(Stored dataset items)
##########
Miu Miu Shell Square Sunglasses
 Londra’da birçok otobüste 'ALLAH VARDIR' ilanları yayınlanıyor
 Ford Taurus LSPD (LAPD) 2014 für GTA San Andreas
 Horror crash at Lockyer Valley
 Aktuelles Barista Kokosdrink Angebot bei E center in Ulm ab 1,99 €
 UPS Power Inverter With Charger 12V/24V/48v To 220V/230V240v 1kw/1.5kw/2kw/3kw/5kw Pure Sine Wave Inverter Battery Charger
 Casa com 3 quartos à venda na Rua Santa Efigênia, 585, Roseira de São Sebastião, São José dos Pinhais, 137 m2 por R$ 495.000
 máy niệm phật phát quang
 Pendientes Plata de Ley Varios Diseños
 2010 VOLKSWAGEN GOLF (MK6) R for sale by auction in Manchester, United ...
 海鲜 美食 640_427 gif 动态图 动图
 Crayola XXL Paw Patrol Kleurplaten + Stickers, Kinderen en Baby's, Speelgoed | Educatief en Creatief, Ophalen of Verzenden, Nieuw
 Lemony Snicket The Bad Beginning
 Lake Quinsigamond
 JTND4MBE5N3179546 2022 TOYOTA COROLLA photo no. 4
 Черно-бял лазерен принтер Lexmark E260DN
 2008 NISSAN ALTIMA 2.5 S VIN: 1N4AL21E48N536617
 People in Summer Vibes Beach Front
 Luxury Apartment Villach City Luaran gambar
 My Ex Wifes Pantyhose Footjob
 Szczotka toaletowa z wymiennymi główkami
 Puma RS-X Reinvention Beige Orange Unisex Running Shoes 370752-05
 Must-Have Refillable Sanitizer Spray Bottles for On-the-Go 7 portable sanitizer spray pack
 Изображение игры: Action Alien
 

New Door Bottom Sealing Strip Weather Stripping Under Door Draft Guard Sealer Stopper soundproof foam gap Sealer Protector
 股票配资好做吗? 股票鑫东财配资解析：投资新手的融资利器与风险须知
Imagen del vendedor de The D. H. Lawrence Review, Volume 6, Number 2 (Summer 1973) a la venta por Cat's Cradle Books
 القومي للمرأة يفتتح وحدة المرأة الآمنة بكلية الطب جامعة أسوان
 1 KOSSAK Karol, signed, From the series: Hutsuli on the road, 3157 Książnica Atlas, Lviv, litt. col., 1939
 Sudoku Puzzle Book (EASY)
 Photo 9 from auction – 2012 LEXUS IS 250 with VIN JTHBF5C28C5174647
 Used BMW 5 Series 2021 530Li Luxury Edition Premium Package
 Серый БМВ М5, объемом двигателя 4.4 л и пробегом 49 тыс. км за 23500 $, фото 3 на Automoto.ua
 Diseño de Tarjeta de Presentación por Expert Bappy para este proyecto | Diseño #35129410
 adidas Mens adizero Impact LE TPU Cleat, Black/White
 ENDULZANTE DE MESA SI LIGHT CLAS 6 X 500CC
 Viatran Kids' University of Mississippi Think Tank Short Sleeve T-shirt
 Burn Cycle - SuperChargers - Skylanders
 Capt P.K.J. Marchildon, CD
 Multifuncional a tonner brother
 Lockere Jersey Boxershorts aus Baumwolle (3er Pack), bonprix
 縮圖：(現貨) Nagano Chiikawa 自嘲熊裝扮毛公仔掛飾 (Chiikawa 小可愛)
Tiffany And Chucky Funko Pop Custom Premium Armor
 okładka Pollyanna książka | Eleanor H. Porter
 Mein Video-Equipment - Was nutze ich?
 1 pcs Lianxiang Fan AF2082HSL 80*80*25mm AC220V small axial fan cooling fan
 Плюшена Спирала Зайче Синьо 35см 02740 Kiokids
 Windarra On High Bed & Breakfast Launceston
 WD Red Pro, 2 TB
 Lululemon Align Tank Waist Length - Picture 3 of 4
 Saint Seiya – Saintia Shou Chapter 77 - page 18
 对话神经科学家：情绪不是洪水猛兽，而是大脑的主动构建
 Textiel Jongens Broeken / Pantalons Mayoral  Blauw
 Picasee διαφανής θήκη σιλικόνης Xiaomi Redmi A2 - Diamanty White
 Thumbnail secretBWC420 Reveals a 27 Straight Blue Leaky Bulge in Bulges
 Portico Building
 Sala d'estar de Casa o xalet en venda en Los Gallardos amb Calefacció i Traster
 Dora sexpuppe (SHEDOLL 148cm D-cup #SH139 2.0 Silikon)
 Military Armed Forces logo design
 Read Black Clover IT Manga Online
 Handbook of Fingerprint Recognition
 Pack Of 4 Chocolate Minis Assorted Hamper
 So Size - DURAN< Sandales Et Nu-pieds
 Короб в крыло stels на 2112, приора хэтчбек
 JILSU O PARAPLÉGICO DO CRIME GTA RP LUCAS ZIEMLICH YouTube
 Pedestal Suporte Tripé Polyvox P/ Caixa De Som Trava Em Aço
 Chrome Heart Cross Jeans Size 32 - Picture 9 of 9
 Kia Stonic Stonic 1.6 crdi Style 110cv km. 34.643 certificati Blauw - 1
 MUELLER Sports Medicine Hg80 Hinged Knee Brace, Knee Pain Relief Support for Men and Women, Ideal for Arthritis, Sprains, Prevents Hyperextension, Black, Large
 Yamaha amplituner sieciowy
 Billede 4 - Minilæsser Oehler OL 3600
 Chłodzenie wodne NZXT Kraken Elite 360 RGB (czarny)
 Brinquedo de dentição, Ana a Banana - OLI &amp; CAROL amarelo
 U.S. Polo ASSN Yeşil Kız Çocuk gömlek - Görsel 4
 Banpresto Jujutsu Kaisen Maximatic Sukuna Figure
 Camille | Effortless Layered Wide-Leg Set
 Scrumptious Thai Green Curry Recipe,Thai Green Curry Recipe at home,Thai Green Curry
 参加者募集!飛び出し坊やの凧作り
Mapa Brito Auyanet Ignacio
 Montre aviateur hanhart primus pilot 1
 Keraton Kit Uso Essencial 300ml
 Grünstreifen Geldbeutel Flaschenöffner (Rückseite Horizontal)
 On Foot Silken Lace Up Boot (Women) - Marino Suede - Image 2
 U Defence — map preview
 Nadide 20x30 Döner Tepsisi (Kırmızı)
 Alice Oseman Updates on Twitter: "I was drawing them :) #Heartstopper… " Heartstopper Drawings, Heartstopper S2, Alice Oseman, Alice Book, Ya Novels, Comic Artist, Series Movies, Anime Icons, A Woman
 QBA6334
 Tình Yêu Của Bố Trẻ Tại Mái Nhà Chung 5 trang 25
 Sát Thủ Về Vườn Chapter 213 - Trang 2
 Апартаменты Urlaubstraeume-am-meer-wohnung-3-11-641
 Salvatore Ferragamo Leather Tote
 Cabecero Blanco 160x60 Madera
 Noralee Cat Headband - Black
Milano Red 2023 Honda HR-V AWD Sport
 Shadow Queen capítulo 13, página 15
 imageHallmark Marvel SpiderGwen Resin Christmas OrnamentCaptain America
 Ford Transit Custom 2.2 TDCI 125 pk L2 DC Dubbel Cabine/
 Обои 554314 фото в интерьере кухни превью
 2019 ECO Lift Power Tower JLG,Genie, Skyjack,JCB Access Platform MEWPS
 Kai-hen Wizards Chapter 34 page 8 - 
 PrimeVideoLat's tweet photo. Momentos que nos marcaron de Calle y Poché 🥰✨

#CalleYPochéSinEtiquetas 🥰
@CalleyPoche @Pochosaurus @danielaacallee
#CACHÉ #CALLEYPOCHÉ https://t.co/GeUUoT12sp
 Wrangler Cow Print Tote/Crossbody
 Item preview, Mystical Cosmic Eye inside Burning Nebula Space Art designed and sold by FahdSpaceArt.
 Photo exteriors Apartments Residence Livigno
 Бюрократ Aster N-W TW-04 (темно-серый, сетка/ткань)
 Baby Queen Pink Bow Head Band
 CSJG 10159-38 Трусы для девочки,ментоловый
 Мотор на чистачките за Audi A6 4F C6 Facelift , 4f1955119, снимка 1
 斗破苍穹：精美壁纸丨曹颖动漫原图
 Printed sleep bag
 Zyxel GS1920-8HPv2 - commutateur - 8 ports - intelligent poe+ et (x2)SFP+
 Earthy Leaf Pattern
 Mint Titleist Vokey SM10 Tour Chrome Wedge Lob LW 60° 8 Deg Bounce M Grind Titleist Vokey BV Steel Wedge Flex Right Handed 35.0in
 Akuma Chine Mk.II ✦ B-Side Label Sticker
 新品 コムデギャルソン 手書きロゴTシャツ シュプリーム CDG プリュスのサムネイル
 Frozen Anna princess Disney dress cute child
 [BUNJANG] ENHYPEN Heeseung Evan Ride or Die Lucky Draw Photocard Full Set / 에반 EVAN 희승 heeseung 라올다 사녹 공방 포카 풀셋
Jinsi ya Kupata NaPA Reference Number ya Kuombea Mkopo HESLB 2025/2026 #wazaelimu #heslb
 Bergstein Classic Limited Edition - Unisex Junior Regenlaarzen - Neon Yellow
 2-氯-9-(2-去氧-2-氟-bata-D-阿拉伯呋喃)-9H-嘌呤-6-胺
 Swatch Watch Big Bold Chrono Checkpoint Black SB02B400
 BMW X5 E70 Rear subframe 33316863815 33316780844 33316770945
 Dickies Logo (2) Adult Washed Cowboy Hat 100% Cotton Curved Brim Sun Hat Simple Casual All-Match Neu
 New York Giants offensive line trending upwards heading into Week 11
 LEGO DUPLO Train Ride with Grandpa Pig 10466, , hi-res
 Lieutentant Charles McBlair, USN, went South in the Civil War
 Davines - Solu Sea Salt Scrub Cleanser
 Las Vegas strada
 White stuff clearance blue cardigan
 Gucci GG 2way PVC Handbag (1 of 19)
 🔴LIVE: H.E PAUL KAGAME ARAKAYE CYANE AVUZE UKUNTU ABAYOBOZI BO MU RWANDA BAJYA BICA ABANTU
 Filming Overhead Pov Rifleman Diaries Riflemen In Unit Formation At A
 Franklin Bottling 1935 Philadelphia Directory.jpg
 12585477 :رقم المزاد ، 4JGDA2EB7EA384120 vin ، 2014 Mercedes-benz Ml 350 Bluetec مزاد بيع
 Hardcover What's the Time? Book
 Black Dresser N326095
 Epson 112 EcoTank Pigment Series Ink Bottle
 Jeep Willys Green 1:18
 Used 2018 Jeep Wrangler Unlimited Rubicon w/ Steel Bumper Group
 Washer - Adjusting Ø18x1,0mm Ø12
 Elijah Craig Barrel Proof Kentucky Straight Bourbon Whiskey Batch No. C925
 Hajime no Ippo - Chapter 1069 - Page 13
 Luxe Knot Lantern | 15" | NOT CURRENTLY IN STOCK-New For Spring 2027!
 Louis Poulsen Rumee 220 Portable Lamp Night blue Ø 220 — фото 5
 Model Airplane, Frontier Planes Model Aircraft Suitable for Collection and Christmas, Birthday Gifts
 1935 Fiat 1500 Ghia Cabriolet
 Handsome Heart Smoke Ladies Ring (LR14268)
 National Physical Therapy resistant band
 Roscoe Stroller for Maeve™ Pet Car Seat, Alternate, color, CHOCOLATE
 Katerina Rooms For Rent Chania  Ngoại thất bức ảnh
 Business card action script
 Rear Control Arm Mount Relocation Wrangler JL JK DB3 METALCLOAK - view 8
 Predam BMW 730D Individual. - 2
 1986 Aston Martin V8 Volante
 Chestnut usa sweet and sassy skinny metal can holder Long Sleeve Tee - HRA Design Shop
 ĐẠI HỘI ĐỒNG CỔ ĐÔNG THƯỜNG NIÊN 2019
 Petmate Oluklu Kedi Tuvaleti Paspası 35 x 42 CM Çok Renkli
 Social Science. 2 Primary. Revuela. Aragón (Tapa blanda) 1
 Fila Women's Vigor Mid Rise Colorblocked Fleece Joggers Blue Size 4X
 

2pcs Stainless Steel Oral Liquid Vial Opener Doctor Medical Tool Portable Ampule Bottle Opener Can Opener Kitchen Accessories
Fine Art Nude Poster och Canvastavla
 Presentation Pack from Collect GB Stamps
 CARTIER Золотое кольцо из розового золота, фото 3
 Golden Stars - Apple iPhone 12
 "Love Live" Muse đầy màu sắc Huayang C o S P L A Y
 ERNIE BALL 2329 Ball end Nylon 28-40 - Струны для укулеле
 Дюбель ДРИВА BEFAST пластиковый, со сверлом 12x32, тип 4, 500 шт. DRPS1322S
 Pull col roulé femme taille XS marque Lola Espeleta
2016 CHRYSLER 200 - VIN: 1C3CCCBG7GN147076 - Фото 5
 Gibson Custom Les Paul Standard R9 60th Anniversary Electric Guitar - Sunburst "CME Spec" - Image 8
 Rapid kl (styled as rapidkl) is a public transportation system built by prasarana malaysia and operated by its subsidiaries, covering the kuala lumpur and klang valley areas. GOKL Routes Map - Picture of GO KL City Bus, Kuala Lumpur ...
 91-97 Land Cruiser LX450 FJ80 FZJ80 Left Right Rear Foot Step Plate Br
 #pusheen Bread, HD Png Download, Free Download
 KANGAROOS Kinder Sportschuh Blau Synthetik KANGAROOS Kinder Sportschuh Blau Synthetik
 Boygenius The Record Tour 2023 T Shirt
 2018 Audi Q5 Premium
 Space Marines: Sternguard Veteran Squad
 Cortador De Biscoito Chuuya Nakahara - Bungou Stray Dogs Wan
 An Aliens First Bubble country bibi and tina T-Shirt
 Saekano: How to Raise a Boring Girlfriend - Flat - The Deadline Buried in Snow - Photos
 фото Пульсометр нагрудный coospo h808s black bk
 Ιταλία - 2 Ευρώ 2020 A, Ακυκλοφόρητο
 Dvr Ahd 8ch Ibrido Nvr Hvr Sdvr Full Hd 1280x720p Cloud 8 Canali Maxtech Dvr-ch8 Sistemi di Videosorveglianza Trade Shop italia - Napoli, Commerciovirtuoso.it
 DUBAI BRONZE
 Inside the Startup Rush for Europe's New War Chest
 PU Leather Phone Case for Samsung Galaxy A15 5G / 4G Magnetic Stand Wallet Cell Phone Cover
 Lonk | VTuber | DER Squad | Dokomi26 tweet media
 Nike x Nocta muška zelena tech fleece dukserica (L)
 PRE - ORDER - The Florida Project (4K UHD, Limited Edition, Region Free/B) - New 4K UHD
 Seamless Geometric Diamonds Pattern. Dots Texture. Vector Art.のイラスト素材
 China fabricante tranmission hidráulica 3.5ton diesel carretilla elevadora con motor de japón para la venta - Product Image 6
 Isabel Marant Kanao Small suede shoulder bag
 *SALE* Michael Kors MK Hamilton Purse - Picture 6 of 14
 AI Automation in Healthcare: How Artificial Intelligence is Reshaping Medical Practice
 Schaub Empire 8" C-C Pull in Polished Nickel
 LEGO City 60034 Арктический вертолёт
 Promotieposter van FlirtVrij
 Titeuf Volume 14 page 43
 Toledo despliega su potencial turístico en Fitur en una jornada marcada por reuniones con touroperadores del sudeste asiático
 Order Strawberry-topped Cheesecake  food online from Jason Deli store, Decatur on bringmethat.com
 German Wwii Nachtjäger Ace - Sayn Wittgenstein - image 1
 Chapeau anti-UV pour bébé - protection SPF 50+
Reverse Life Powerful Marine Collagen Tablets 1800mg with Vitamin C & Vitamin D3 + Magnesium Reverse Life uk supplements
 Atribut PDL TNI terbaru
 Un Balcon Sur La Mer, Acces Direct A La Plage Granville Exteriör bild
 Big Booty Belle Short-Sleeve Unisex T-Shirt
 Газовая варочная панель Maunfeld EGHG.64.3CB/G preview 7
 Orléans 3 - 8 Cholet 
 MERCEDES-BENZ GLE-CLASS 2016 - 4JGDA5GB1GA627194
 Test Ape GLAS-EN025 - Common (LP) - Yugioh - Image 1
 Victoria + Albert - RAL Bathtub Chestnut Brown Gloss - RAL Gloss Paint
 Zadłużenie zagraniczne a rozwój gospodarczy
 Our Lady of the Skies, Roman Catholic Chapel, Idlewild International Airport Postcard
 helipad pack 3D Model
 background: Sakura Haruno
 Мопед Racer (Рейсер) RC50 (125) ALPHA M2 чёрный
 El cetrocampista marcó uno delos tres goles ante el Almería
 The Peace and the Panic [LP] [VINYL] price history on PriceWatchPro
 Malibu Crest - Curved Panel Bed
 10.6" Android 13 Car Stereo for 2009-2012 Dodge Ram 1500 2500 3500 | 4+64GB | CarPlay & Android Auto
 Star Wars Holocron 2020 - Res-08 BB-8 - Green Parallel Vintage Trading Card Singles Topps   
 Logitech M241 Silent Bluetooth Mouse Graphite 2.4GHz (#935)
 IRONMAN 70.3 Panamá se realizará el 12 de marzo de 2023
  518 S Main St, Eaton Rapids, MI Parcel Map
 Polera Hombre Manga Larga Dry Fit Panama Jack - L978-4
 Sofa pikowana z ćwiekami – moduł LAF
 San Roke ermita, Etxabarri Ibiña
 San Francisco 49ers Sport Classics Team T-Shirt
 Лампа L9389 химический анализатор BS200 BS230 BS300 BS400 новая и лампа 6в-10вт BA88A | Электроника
##########
# Exercise instructions:
Your task is to copy exactly, and only, the lines from the line with "Malibu Crest - Curved Panel Bed" through the last line of the entries, both included.

# Response to this exercise:
 Malibu Crest - Curved Panel Bed
 10.6" Android 13 Car Stereo for 2009-2012 Dodge Ram 1500 2500 3500 | 4+64GB | CarPlay & Android Auto
 Star Wars Holocron 2020 - Res-08 BB-8 - Green Parallel Vintage Trading Card Singles Topps   
 Logitech M241 Silent Bluetooth Mouse Graphite 2.4GHz (#935)
 IRONMAN 70.3 Panamá se realizará el 12 de marzo de 2023
  518 S Main St, Eaton Rapids, MI Parcel Map
 Polera Hombre Manga Larga Dry Fit Panama Jack - L978-4
 Sofa pikowana z ćwiekami – moduł LAF
 San Roke ermita, Etxabarri Ibiña
 San Francisco 49ers Sport Classics Team T-Shirt
 Лампа L9389 химический анализатор BS200 BS230 BS300 BS400 новая и лампа 6в-10вт BA88A | Электроника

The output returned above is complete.